Со времен Лоренцетти, Джотто, Дуччо всех итальянских художников привлекала вечная и такая трогательная тема: Madona dall´latte, Святая Дева, кормящая грудью младенца Христа. Каждый развивал ее по-своему, акцентируя в зависимости от своего личного восприятия либо декоративную сторону сцены, либо возбуждаемое ею волнение. И каждый создавал произведение, дышавшее изяществом и кротостью.
У Микеланджело это прежде всего могучая энергия женского тела и крепкая, почти богатырская мускулатура младенца, которого зритель видит только со спины, — можно подумать, что скульптору припомнилась история юного Геракла, задушившего в своей колыбели двух змей, покушавшихся на его жизнь. Он целомудренно скрывает от взглядов девичью грудь, которую до него художники словно ласкали с упоительной страстью. Все произведение одухотворено мужественной силой и волей, может быть, даже больше языческими, чем христианскими. Это не столько Святая Дева, кормящая своего ребенка, сколько Парка, вскармливающая героического младенца. Но при этом сцена создает впечатление какой-то парадоксальной могучей кротости, одновременно искренней и проникновенной, пронизанной необъятной, лучезарной, я бы сказал, почти яростной чистотой.
Эта инстинктивная чистота Микеланджело, удерживающая его от любовных утех, таких соблазнительных для подростков, отбрасывает из сладострастного опыта гуманистов все, кроме серьезной стороны идей и образов, вдохновляет формирование у него аскетического героизма, под знаком которого пройдет все его творчество, вся его жизнь.
В период, когда Микеланджело открывал для себя язычество, над Флоренцией зазвучал голос, подобного которому здесь никогда раньше не слышали, и удивленная, смущенная, а потом и покоренная им Флоренция скоро уже теснилась вокруг кафедры, с которой вещал некий доминиканец с ужасным, отталкивающим лицом, проповедовавший идею нового апокалипсиса. Это был монах из Феррары по имени Джироламо Савонарола. Проявлявший любопытство решительно ко всему Пико делла Мирандола, прислушивавшийся к спорам монахов с таким же интересом, как и к разговорам каббалистов, услышал в один прекрасный день его проповедь и вернулся во Флоренцию, полный энтузиазма. Этот оратор, говорил он, был одухотворен удивительным и беспокойным гением. Казалось, что его вдохновляла некая сверхъестественная добродетель. Упрямая смелость диктовала ему самые жестокие обвинения против всех власть предержащих.

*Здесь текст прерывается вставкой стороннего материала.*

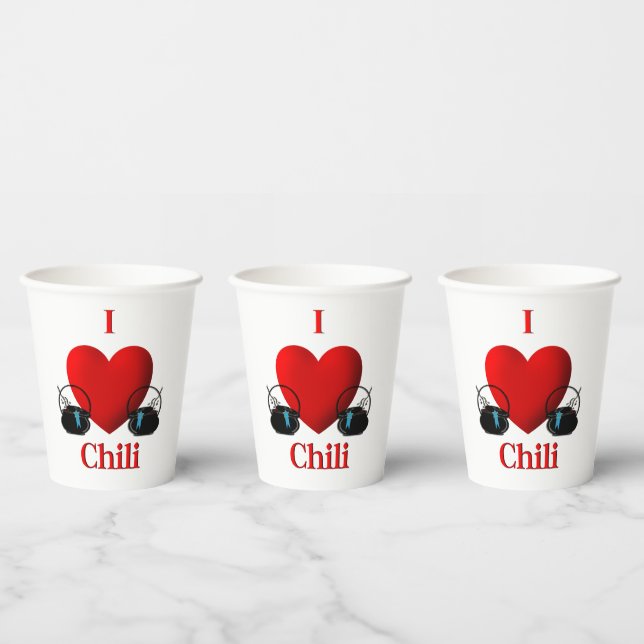 I Heart Chilli Paper Cups (Multi)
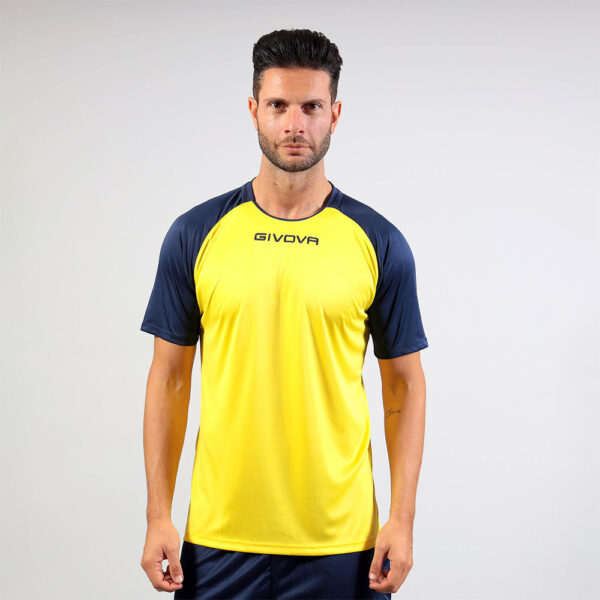 387A7881 Tricou sport Givova Capo, Galben / Bleumarin - imagine 1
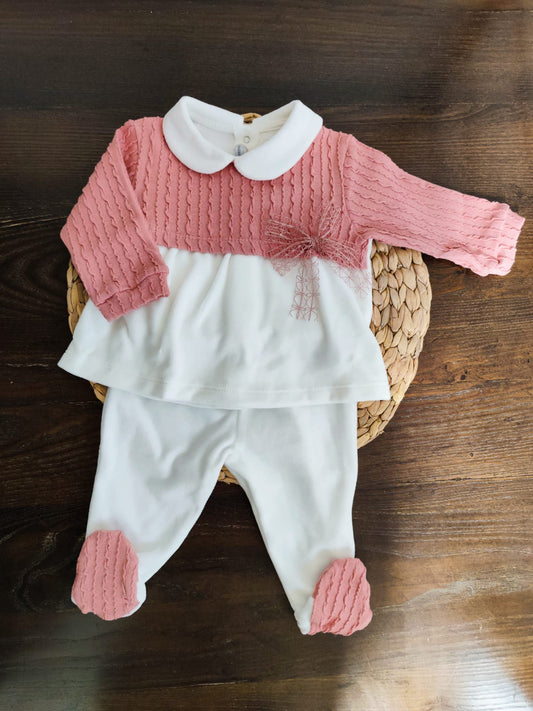 completino in ciniglia neonata limited edition rosa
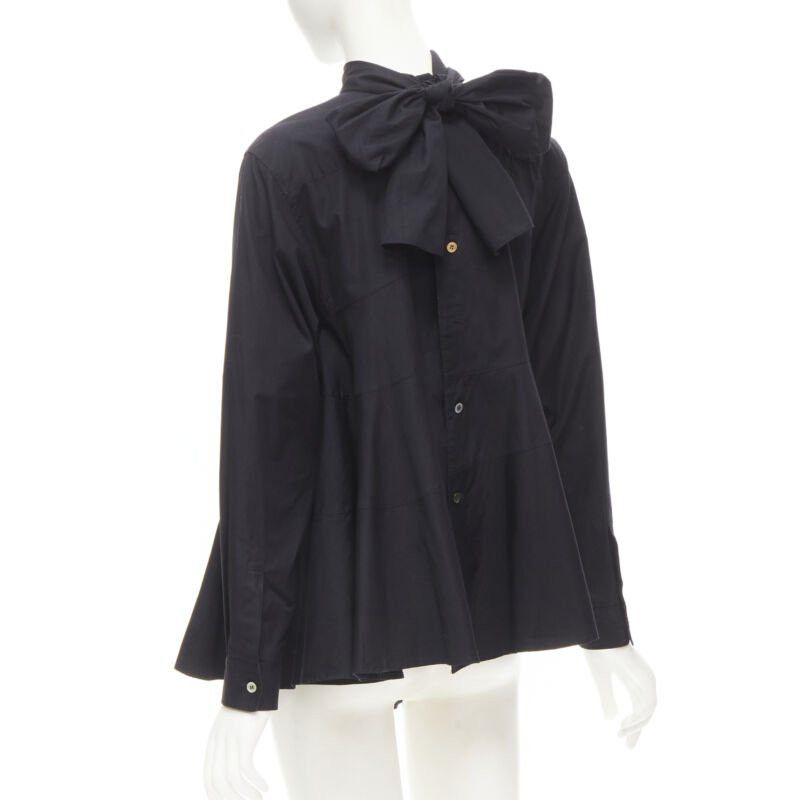 Comme des Garcons COMME DES GARCONS 1980s Vintage black asymmetric tiered flared tie back shirt M Size M / US 6-8 / IT 42-44 - 6 Thumbnail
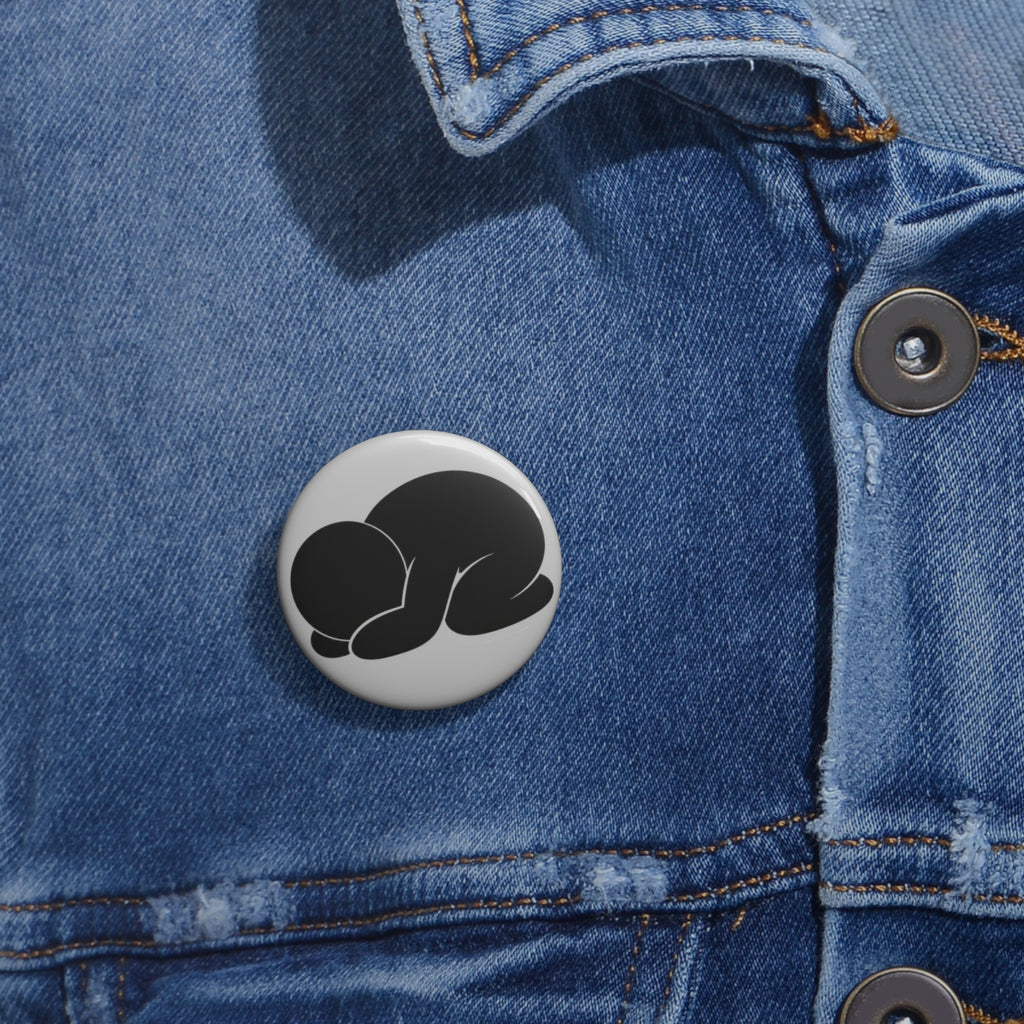 Pin Button — Minimalist Curled Figure Button Pin (Cute Abstract Silhouette)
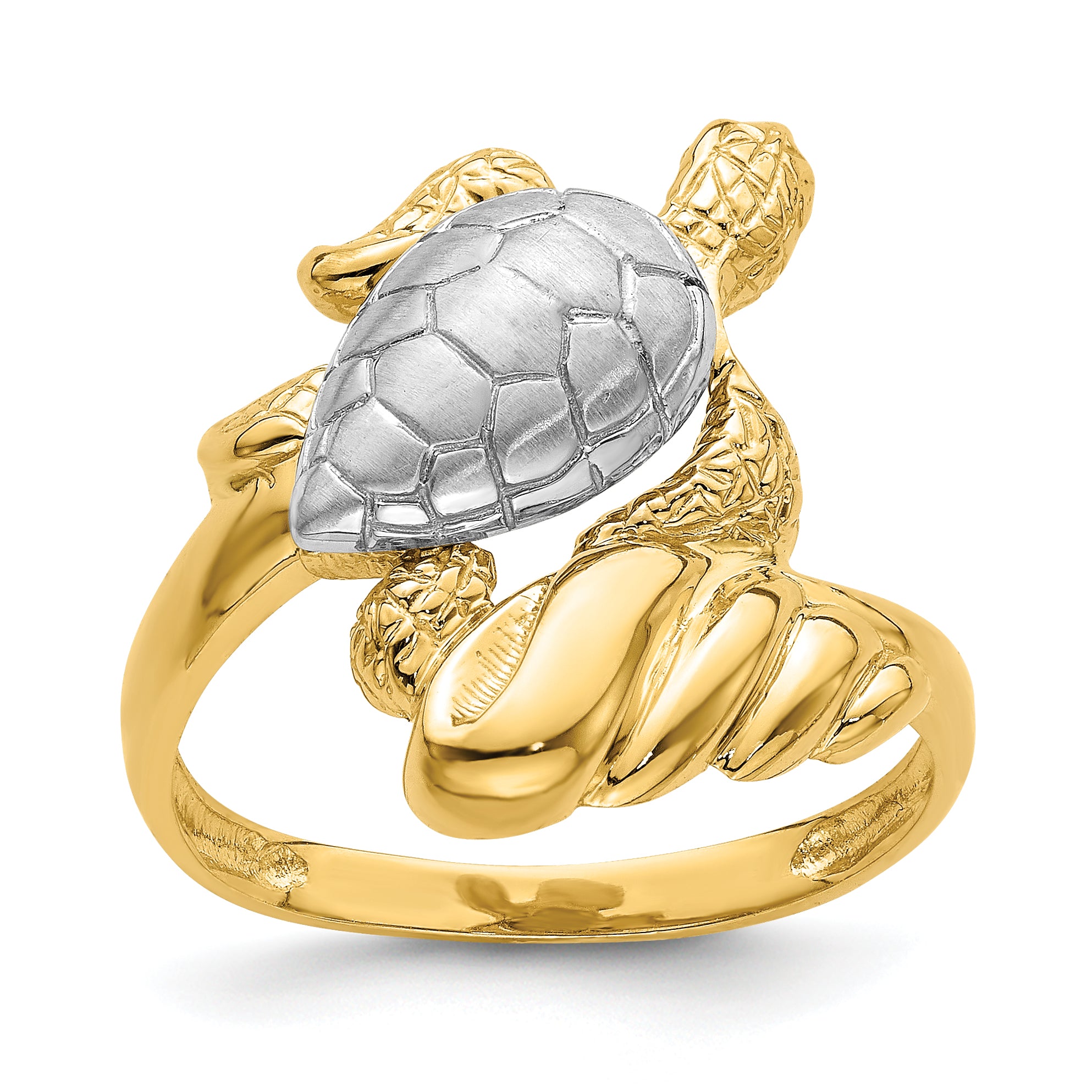 14K W/ Rhodium Turtle Ring Main image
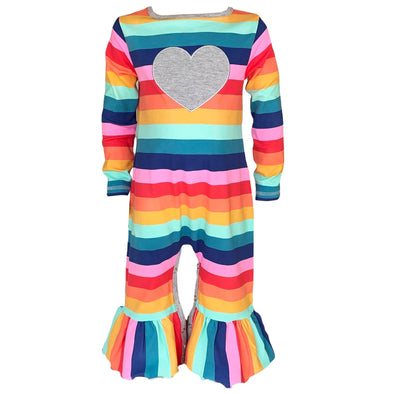 AnnLoren Girls Long Sleeve Rainbow Hearts Baby Toddler Romper One Piece - Lil FashionAva 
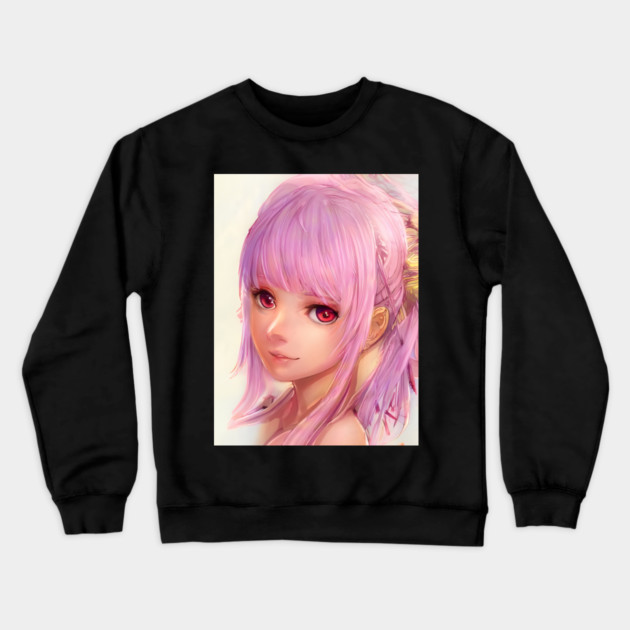 Manga Girl Pink Hair & Red Eyes Crewneck Sweatshirt by animegirlnft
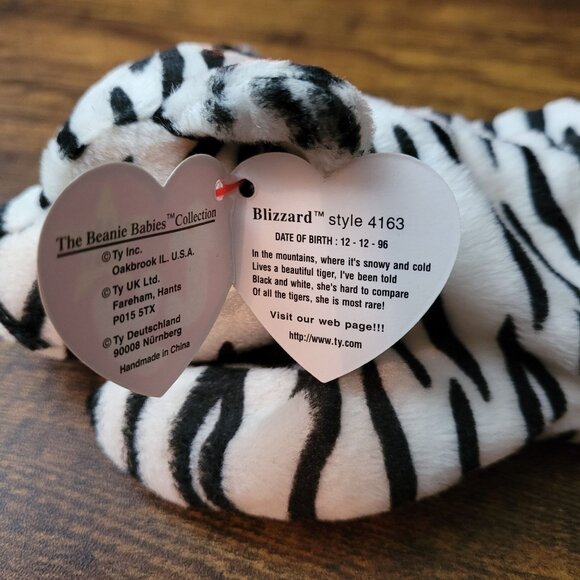 Ty Beanie Babies Blizzard Stripes Freckles Wild Cats PVC Pellets Vintage NWT - Picture 5 of 11
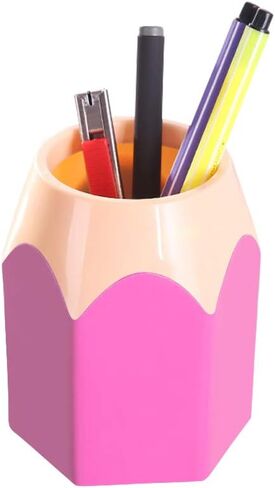 Brush Storage Pen Pencil Holder Container Desk Organizer Storage Pencil Shaped Pens Cup Stationery for Home Office School (Yellow) in Saudi Arabia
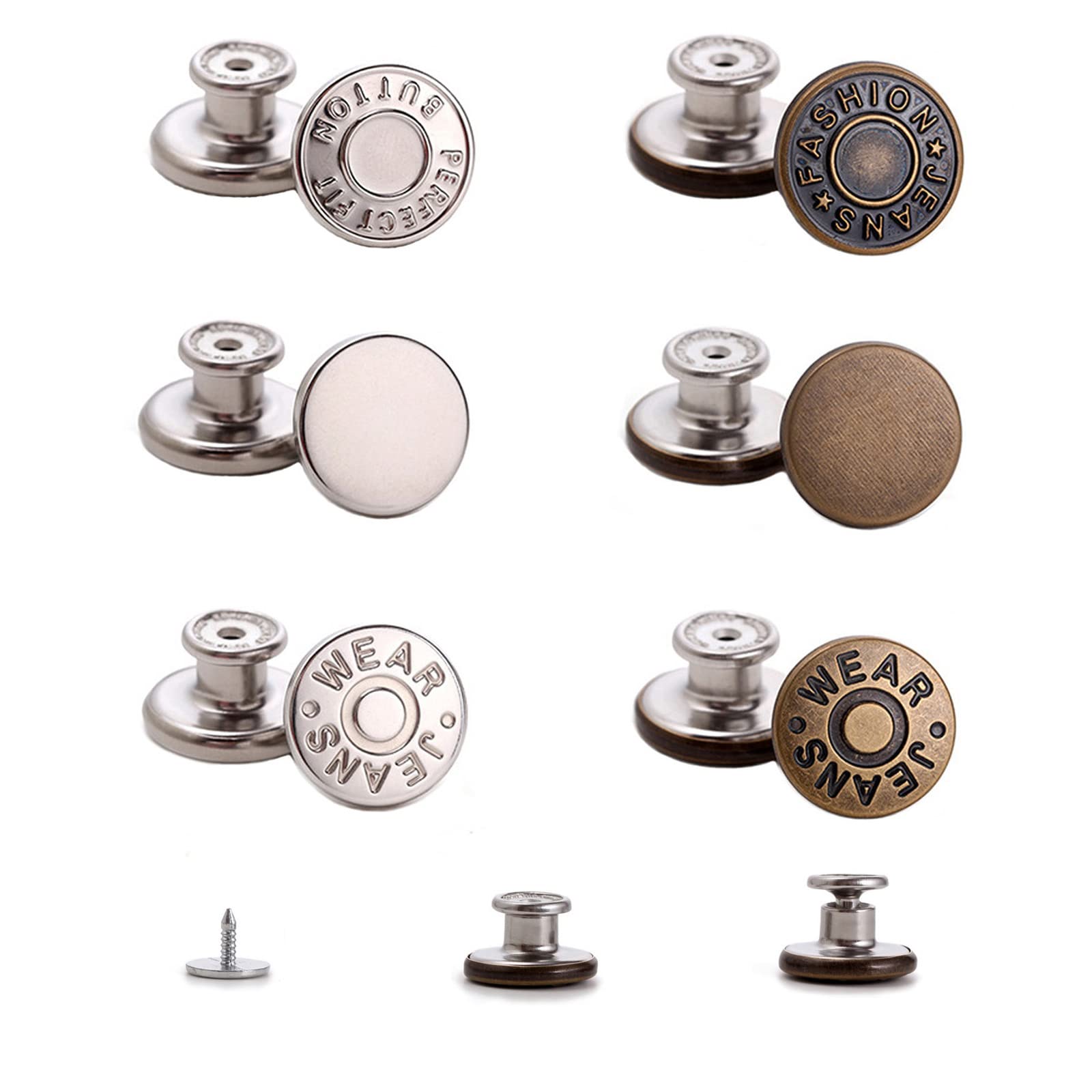 GIYOMI Latest Upgraded 17mm Perfect Fit Instant Button, 6 Sets Hand Push Button pins for Jeans, Instant Reduce Too Big Pants Waist, Flat Back There Will be no Prominent Part (Silver+Bronze G)
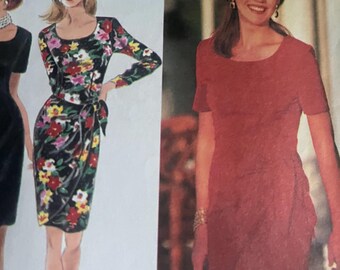 Vintage 90s Dress Pattern 8417//Vintage Simplicity Dress Pattern Size 4-20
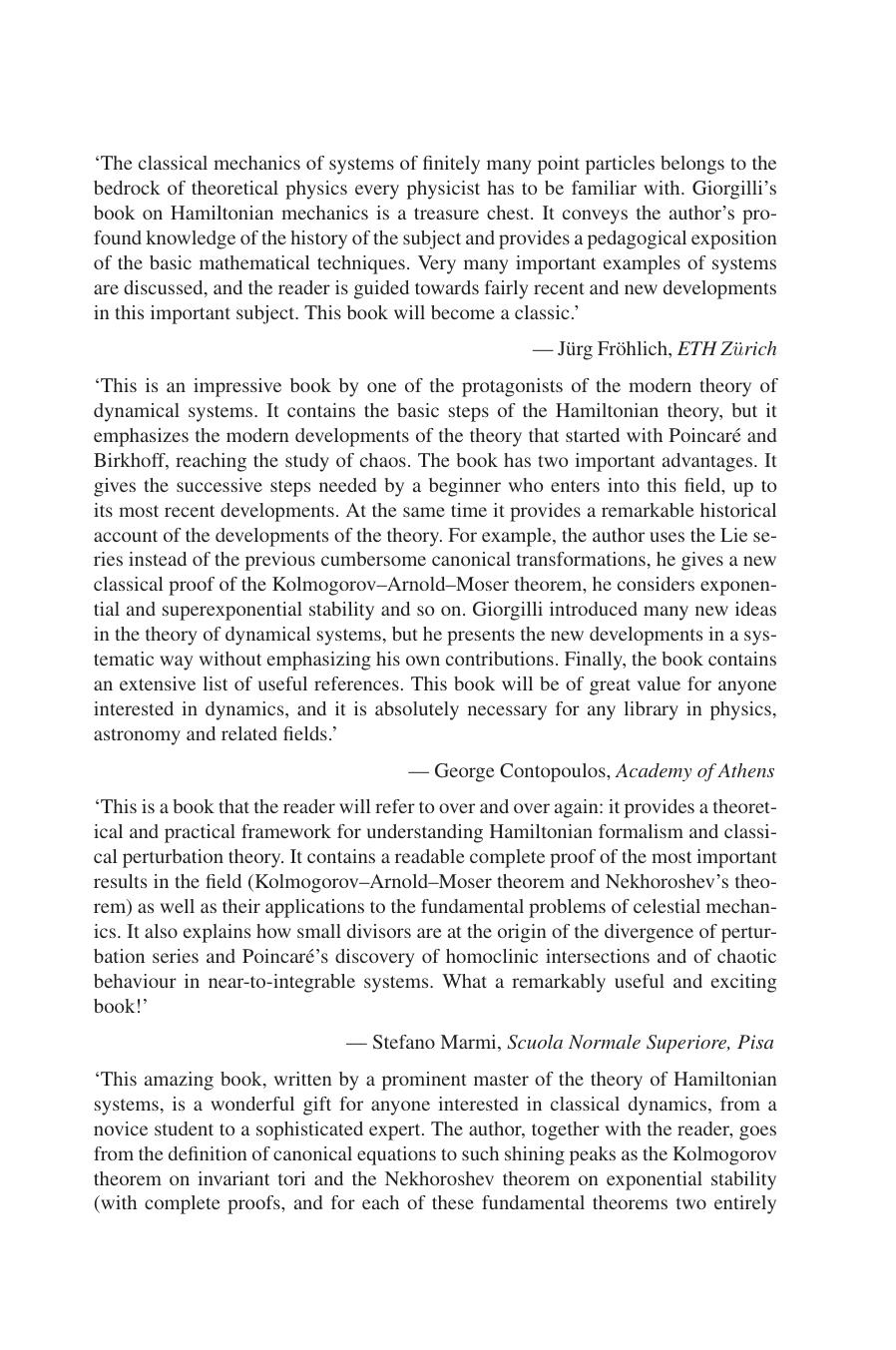 Notes on Hamiltonian Dynamical Systems by Antonio Giorgilli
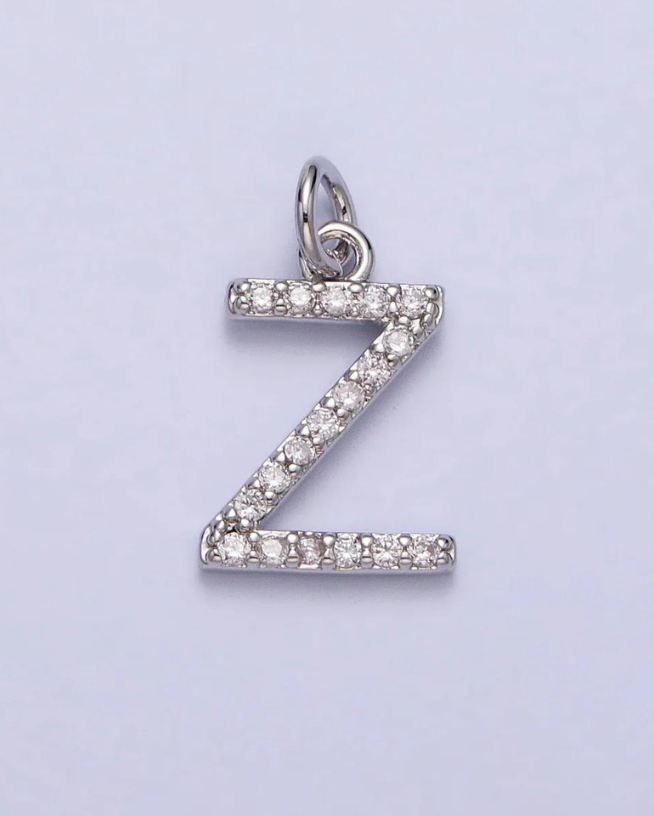 Silver CZ Initial Charm
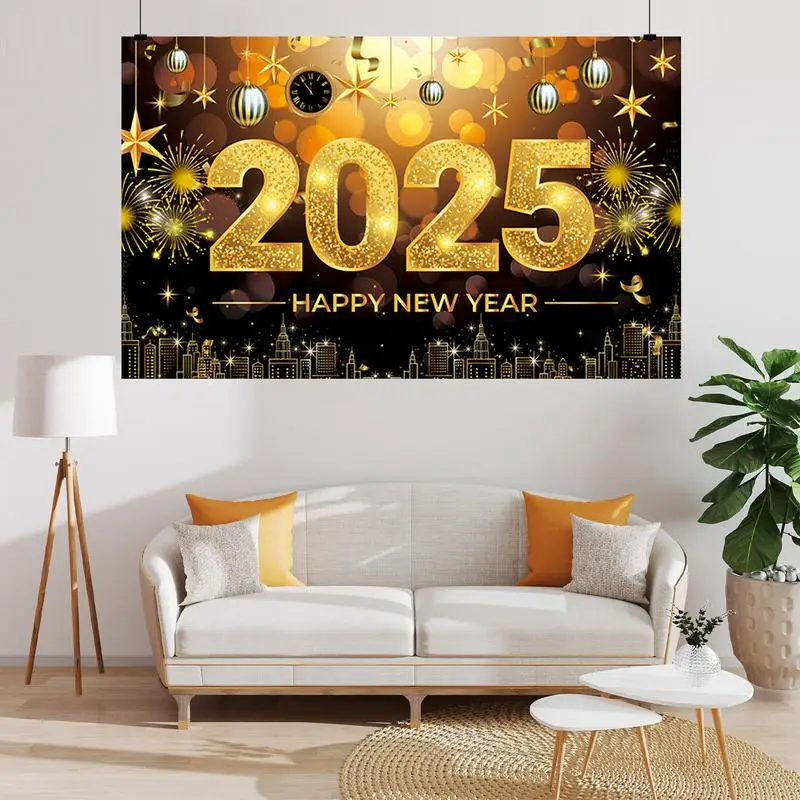 Красный баннер на Новый год 2025 Фоновый для фотобудки 71 х 43 дюйма Элегантный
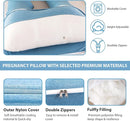 Amagoing Cooling Pregnancy Pillow for Sleeping, U Shaped Maternity Full Body Pillow for Women with Hip, Leg, Back Pain Support, Removable Cooling Cover Included (Light Blue) by TinyTreasures Baby Boutique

Во Флоренцию его пригласил Лоренцо Великолепный, также пожелавший послушать этого странного пророка. Едва вступив в этот цветущий сад Ренессанса, ужасный монах разразился злобными проклятиями против всех, пренебрегающих наставлениями Евангелия, склоняющихся перед языческими богами и живущих в распутстве. Было нетрудно понять, в кого метил оратор: в самого Лоренцо и в его друзей. Поначалу его слушали с улыбкой, потом, когда ругательства и угрозы стали более адресными, были сделаны попытки противопоставить обличениям фра Савонаролы речи других проповедников, но необузданный феррарец смел этих оппонентов с кафедры, как порыв ветра сметает пыль перед ураганом. Сам фра Мариано да Дженнацано, просвещенный достойными авторами и охотно цитировавший в своих назиданиях Платона, стушуется перед обвинениями и насмешками доминиканца. Толпы народа собирались послушать Савонаролу, нападавшего на сильных мира сего — на Медичей, королей, на папу, пробуждая у своей аудитории наслаждение тайным реваншем. Но зло это не могло быть таким серьезным, если бы он увлекал своими речами только малокультурных людей, которых легко привлекала остродраматическая и полемическая сторона его проповедей. К сожалению, неотразимый проповедник завладел и сознанием элиты. Вокруг его кафедры можно было увидеть Полициано, Фичино, Пико и даже такого превосходного живописца, как Боттичелли, который еще до того с наслаждением воплощал на полотне ностальгическое язычество, превращая своих мадонн в сестер Афродиты, а ангелов в волнующих духов. Может быть, эти люди поначалу приходили на его проповеди из простого любопытства, но потом готовы были слушать их снова и снова, покоренные его мрачным и трагическим красноречием. Этот человек попирал и принижал все то, что они любили, все, что они делали, — ну и что? Они возвращались к нему, завороженные атмосферой дьявольского разрушения, генерируемой выражением его лица и речами. Этот монах был рожден для того, чтобы уничтожить Ренессанс, а все те, кто создавал Ренессанс, были, собственно, его плотью, сбегались к нему, чтобы слушать и слушать этого проповедника.